- Interactive map of Dandi
- Country: Nigeria
- State: Kebbi State
- Headquarter: Kamba

Government
- • Local Government Chairman: Mansur Isa
- • Federal House of Representatives member: Rabiu Garba-Kamba

Area
- • Total: 2,003 km^{2} (773 sq mi)

Population (2006)
- • Total: 144,273
- • Density: 72.03/km^{2} (186.6/sq mi)
- Time zone: UTC+1 (WAT)
- Postal code: 862

= Dandi, Nigeria =

Dandi is a Local Government Area (LGA) in Kebbi State, Nigeria. Its headquarters are in the town of Kamba. Dandi LGA is home to approximately 135,891 residents, predominantly belonging to the Dendi ethnic sub-division of the Zarm-Songhai peoples. It is bordered by Niger Republic, Bunza Local Government Area, and the Benin Republic. The primary language spoken is Hausa, and Islam is the prevalent religion. Noteworthy festivals in Dandi LGA comprise the Zaro festival and the Kamba fishing festival.

It has an area of 2,003 km^{2} and in 2006 census the population rise to 144,273.

The postal code of the area is 862.

== Districts and Villages ==
Districts, Towns, Villages under Dandi Local Government Area:
- Bani-zumbu
- Maigwaza
- Kamba
- Buma
- Danyaku
- Dole Kaina
- Fana
- Fingilla
- Galaru
- Geza
- Kokani
- Kuka
- Kutu Kullu
- Kwakwaba
- Kyengakwai
- Maidaji
- Maigwaza
- Nayalwa
- Rundu Bussa
- Shiko
- Tungar Rogo
- Unguwar Rafi

== Climatic Condition ==
The environment is changing significantly due to climate change, with different parts of the world being affected differently.

Dandi has a semi-arid climate where rainfall is relatively low and concentrated between June and September.

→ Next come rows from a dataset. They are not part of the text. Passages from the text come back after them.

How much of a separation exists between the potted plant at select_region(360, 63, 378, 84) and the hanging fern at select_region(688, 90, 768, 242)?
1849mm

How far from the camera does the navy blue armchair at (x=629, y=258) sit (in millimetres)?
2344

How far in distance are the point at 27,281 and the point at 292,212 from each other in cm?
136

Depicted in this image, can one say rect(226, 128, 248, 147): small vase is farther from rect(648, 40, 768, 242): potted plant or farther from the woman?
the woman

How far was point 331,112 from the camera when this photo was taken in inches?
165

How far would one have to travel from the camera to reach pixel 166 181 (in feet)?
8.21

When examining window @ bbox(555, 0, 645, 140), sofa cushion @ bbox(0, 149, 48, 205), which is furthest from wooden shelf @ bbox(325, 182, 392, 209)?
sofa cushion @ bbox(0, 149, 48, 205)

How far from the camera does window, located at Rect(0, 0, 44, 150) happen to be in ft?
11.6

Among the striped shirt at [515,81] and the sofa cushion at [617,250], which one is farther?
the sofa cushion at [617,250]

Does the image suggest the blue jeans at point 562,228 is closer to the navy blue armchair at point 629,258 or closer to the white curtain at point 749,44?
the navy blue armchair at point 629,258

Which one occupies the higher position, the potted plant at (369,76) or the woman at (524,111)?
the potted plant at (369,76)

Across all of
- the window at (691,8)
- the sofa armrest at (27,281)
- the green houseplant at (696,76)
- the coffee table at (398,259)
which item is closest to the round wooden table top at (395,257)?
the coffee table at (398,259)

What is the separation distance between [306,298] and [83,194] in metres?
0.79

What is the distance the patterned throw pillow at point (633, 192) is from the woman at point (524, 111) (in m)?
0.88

The dry season dominates much of the year, with hot daytime temperatures and dusty Harmattan winds.

== Economy ==
Agriculture plays a vital role in the livelihoods of Dandi Local Government Area residents, encompassing the cultivation of diverse crops. The region's economic activities also encompass fishing, animal husbandry, and trade, facilitated by numerous markets within the Local Government Area where a wide array of goods and services are exchanged between buyers and sellers.